Quando una biografia diventa agiografia, è ancora utile strumento di documentazione? A mio modesto parere no. Il libro che mi trovo davanti è stato scritto da due discepoli di Lanza del Vasto. Non c’è pagina che non trabocchi di esaltazione. Non c’è capoverso che non esalti le doti, le potenzialità, i talenti del filosofo italiano vissuto in Francia. In questo libro non si annota una sola critica, un solo episodio controverso, un solo screzio che veli la purezza cristallina della vita del pensatore e “patriarca”, (Lanza del Vasto fondò le comunità dell’Arca, centri di preghiera e diffusione degli ideali della nonviolenza e del cristianesimo). Tutta la sua vita sembra, nella descrizione dei due autori, vissuta dal poeta filosofo senza alcuna incertezza, senza alcuna debolezza: dal che ne emerge purtroppo una figura perfetta, maestosa, ieratica.
Dico purtroppo perché il risultato è stato, almeno per me, di rendere antipatica la figura del grande pensatore. Questa sorta di lunga litania Mariana (mi ha ricordato più volte quel che capita recitarsi in margine al rosario, “turris eburnea, rosa mistica, rifugium peccatorum”…) ha l’effetto di infastidire per la totale mancanza di “umanità”, se per umanità si intende la quotidiana imperfezione che noi mortali viviamo (e qui qualche illuminato potrebbe censurare le mie dissertazioni con un bel “parla per te!”).
Lanza fu uno dei primi europei a portare in Occidente la cultura della nonviolenza; uomo poliedrico ed esuberante, poeta, attivista politico, filosofo e teologo. Praticò la nonviolenza dopo aver conosciuto personalmente Gandhi e aver vissuto con lui tre mesi.

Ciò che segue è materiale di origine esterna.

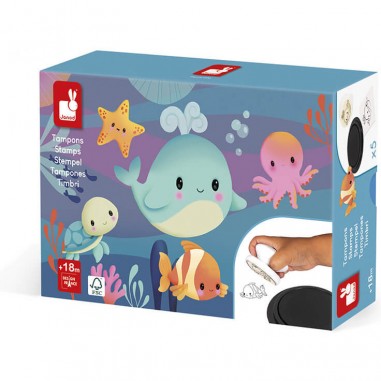 Tampons enfant 18 mois - Loisirs créatif enfant - Janod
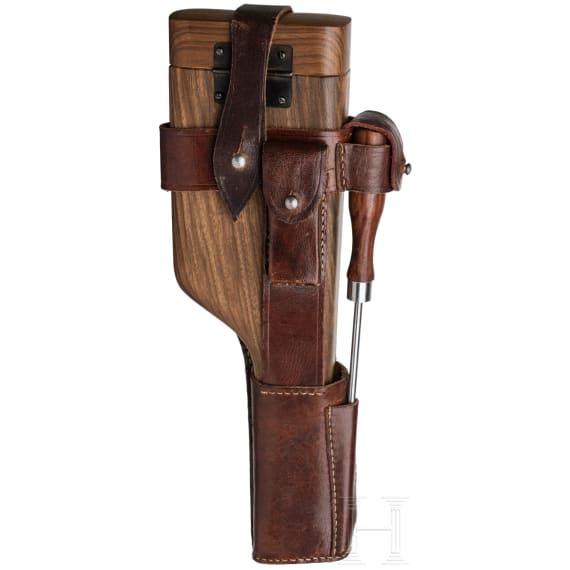 Mauser, Mod. C 96 "Wartime Commercial", mit Anschlagkasten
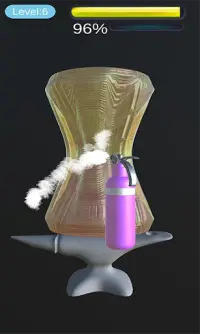 Satisfying Glass Blowing Game! ASMR Blower Art 3D Screen Shot 2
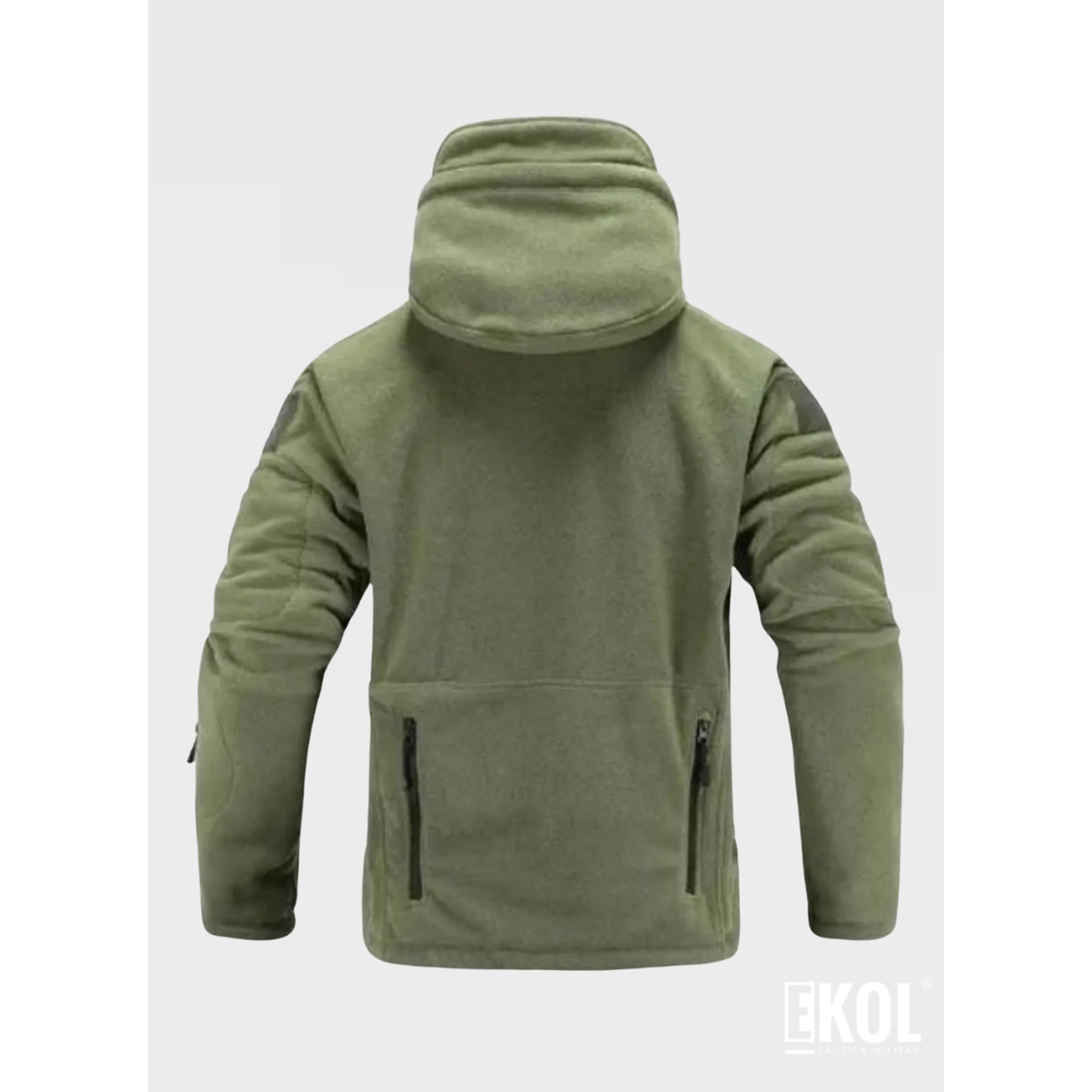  Chaqueta Polerón Polar Táctico Invierno 7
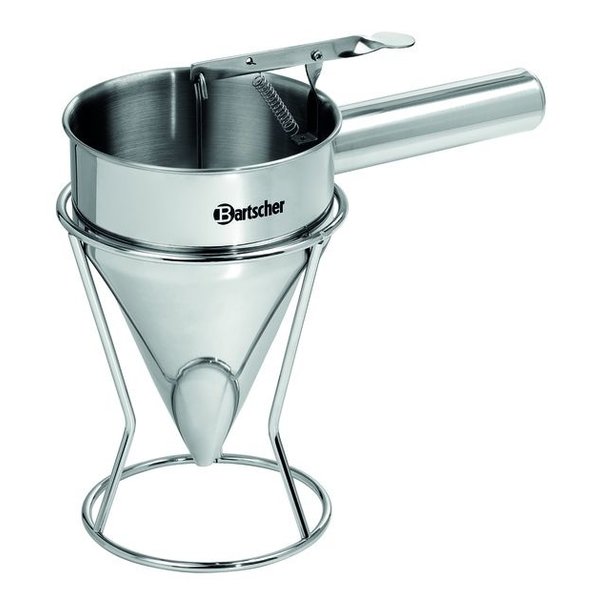 Deegdoseerder RVS 800ml | 140x260x241(h)mm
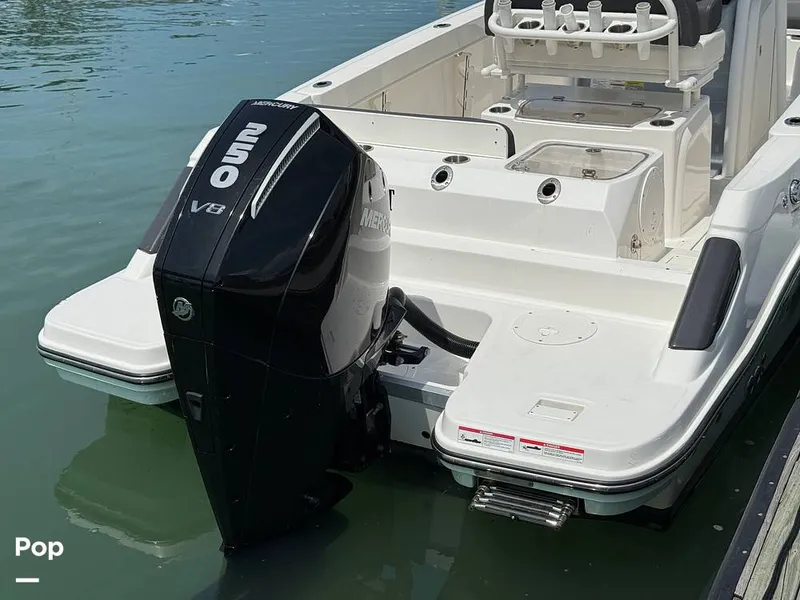 Slide: The Image of 250 HP Mercury V8 Engine - 15287229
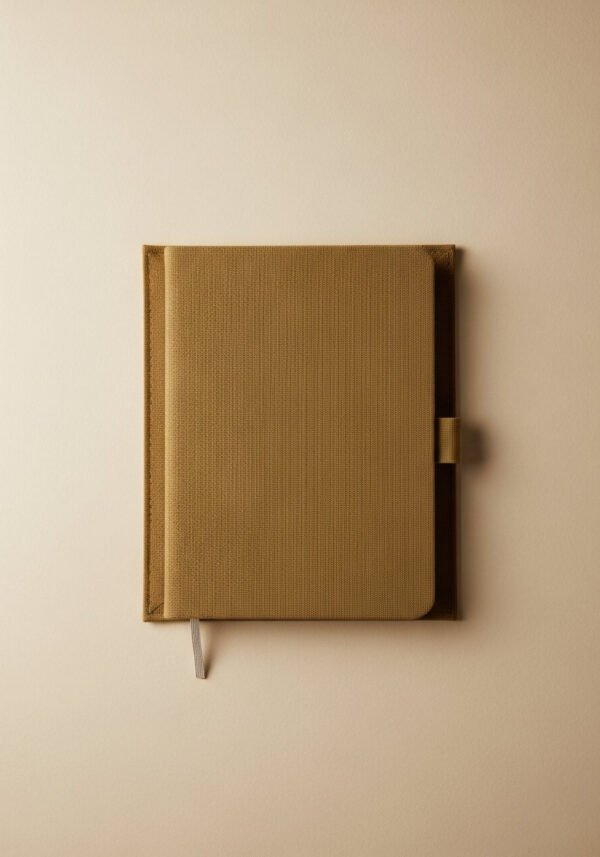 Almanac Linen Notebook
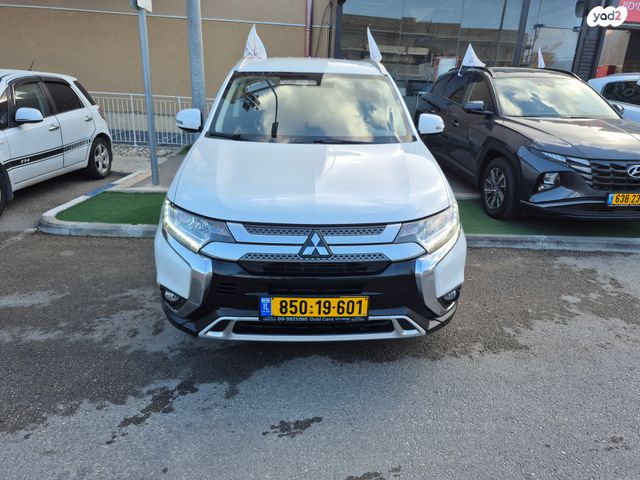 מודעת רכב מיצובישי אאוטלנדר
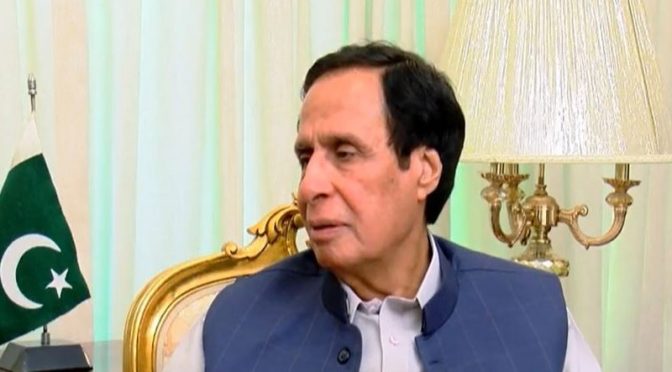عمران خان کو نہیں بھولنا چاہیے ہمارے 11 ووٹ ہیں، پرویز الہیٰ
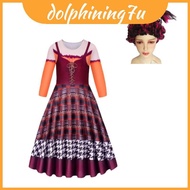 Pocus2 Hocus Authentic Mary Sanderson Role Play For Children Costume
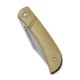 Couteau Appalachian Drifter lame lisse acier CPM S35VN 7.5cm manche Micarta olive CIVIVI - 4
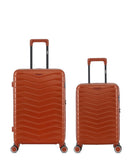 Lot de 2 Valises Rigides Taille Moyenne et Cabine XS SEATTLE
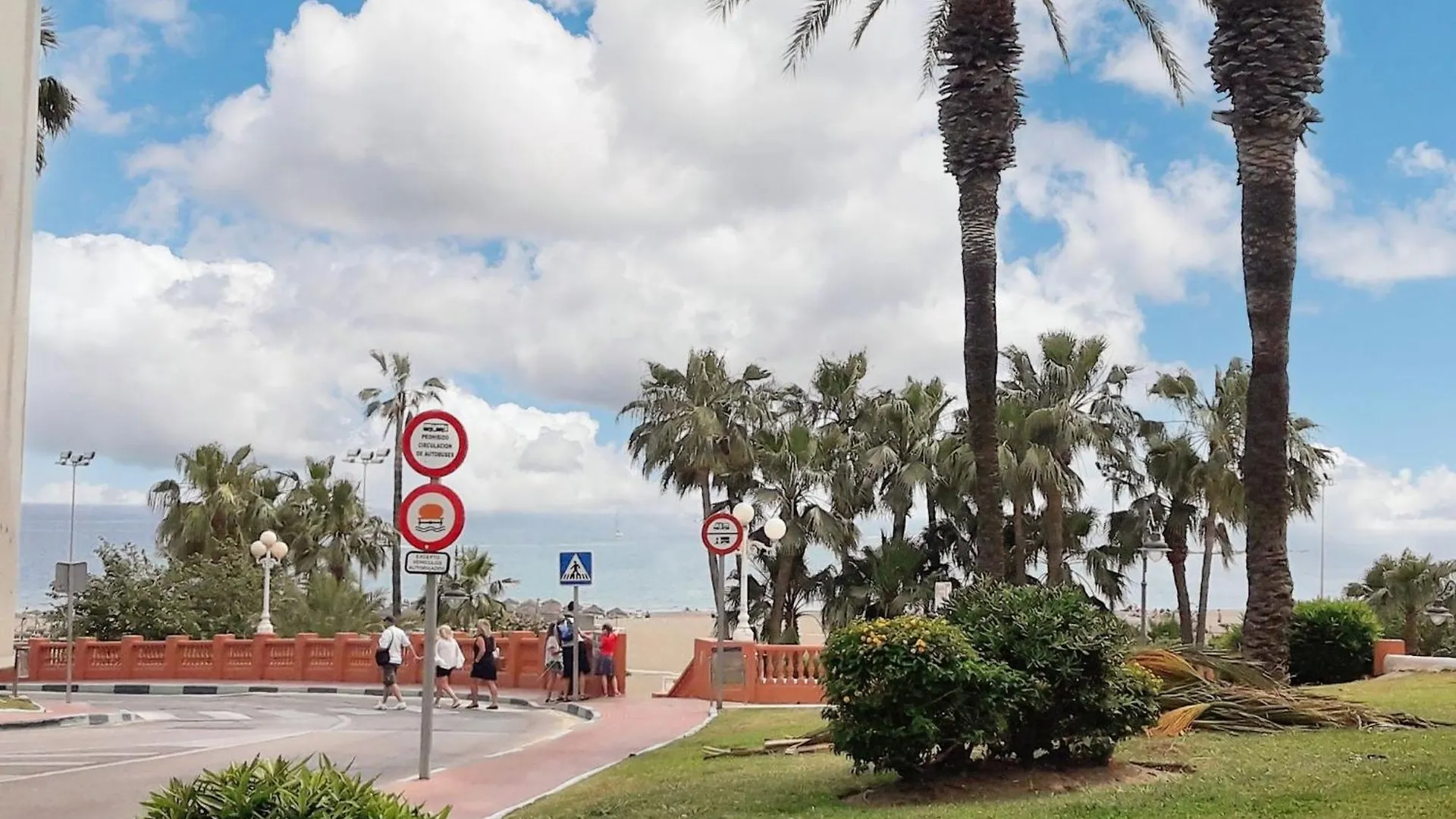 Apartment With Sea & Mountain Views In Benalmadena - 60 Sqm + Pool Spanien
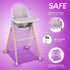 Children Of Design 6 in 1 Deluxe High Chair w/cushion
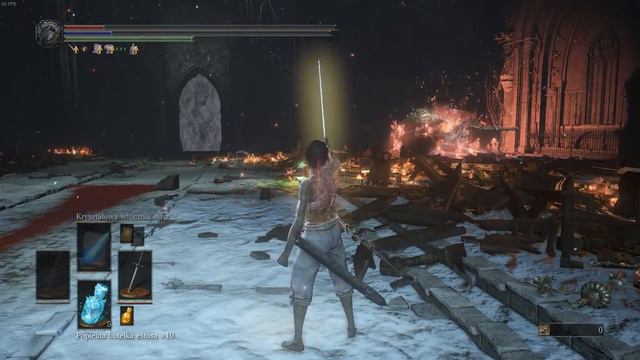 Dark Souls 3 DLC : Sister Friede - Father Ariandel - Blackflame Friede NG+7 NO DAMAGE смотреть онлайн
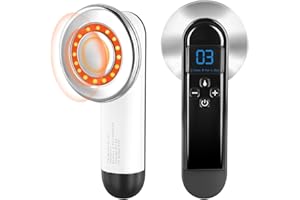 TOWWOO Masajeador de Celulitis, 3 en 1 Eliminación Ultrasónica EMS Profesional Masajeador Anticelulítico Reafirmante Moldeador Dispositivo de Estiramiento de la Piel para Brazo Cintura Pierna Cadera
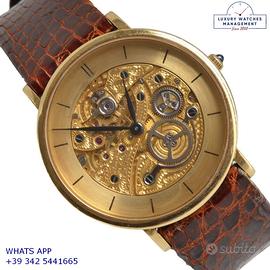 VACHERON CONSTANTIN Patrimony Squelette 36002 gold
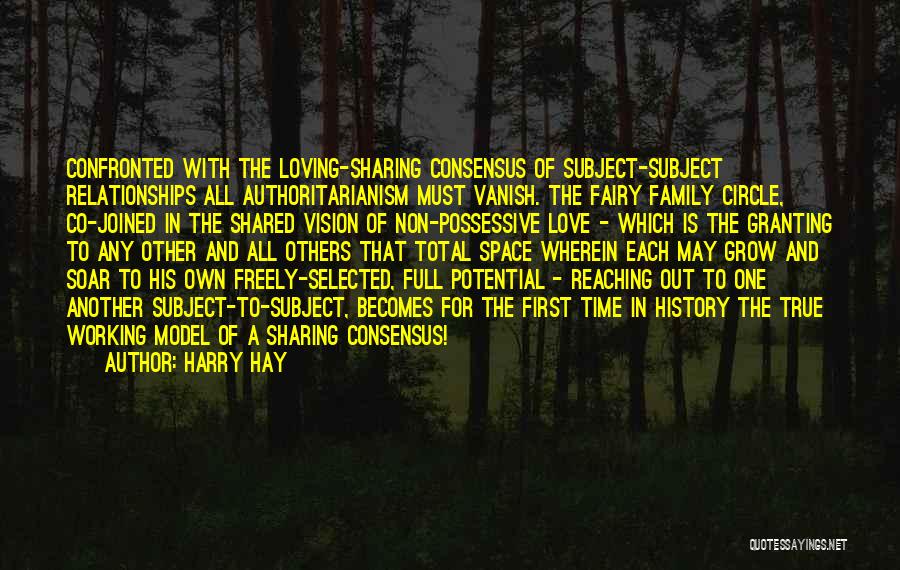 Authoritarianism Quotes By Harry Hay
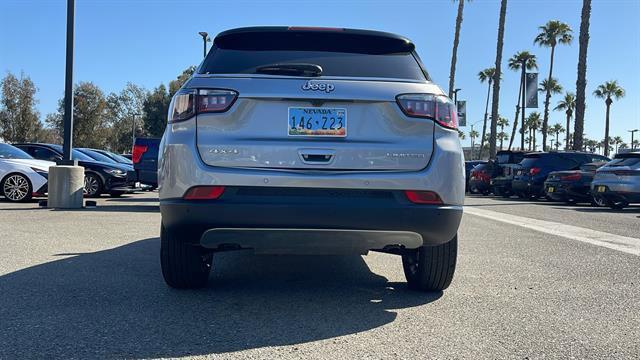 used 2024 Jeep Compass car, priced at $23,777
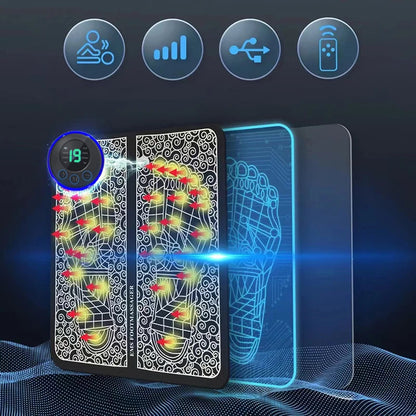 FußVitality™ Elektrischer Reflexzonen-Διεγέρτης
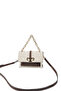 Stone - Brown Monogram Women's Crossbody Bag Sp1148 - 5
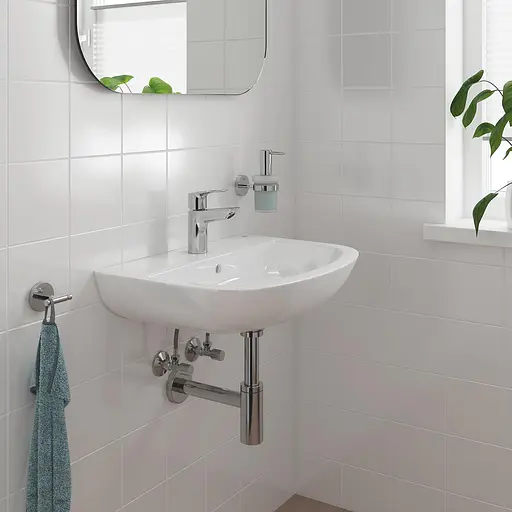 Набір змішувачів Grohe BauLoop New 3 в 1 для ванної кімнати UA123214S1 Хром - фото 2
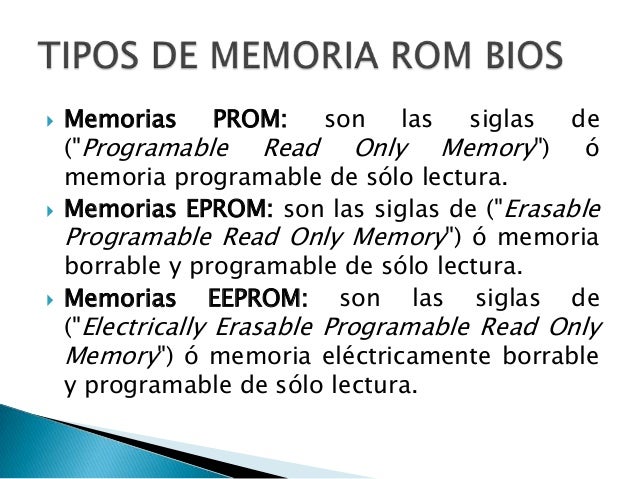 para que sirve el firmware Los bios: ¿que son los bios?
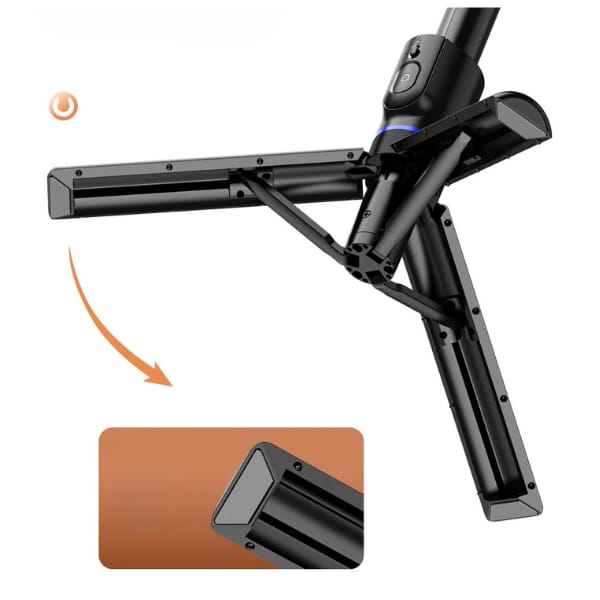 AWEI Selfie Stick X51 czarny/black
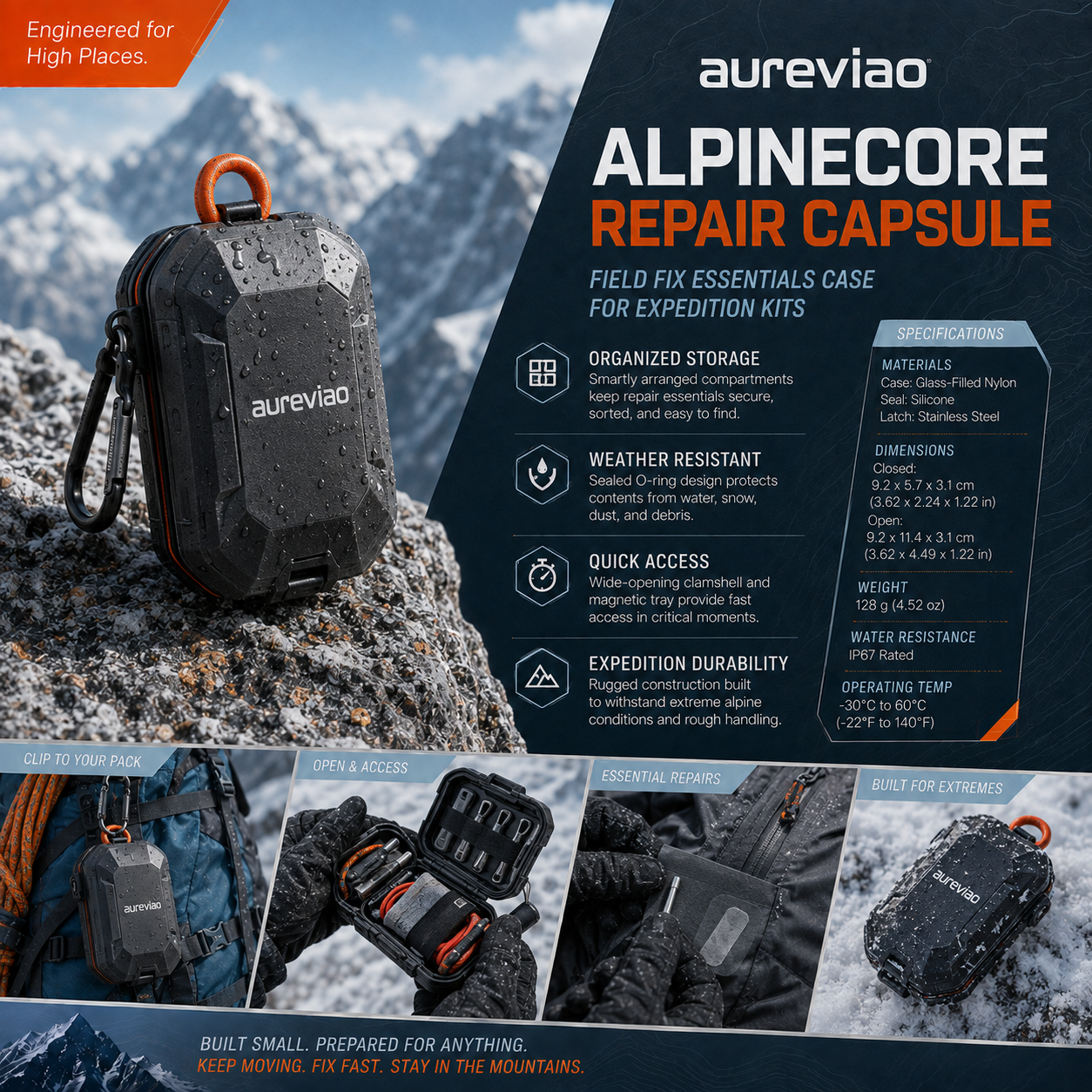 Aureviao™ AlpineCore Repair Capsule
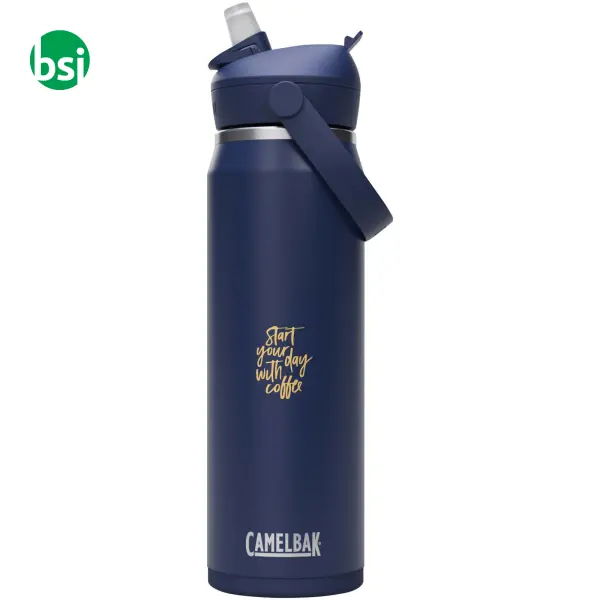 750 ml Flip VSS stainless steel water bottle -  2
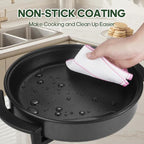 12" Round Electric Skillet - Image 6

Si impegnò in battaglie politiche contro le torture in Algeria (ricordiamo che Lanza visse la maggior parte della sua vita in Francia, e si confrontò con la politica di quel paese, principalmente); il suo strumento preferito fu il digiuno.
I due autori illustrano si la vita del grande carismatico, e probabilmente nella maggior parte dei casi riportano fedelmente le sue idee; ma il linguaggio è esaltato e lascia costantemente il sospetto di una scrittura partigiana, quando non addirittura eccessiva, come a pagina 167, dove lasciano la biografia per inoltrarsi nel vischioso spazio delle opinioni personali: dicono della nonviolenza gandhiana che “il sacrificio ostentato di sé può nascondere un amore sospetto per la sofferenza e il desiderio oscuro di trasformare l’avversario in boia, in colpevole”… chissà cosa avrebbe detto Lanza del Vasto di questi due suoi fedeli, forse troppo fedeli, seguaci.
A me ha fatto venir voglia di leggere, su Lanza, qualcosa di più sobrio. Peccato, perché Lanza del Vasto è figura che non va dimenticata. Ma ogni santificazione allontana dalla conoscenza profonda dell’uomo che era.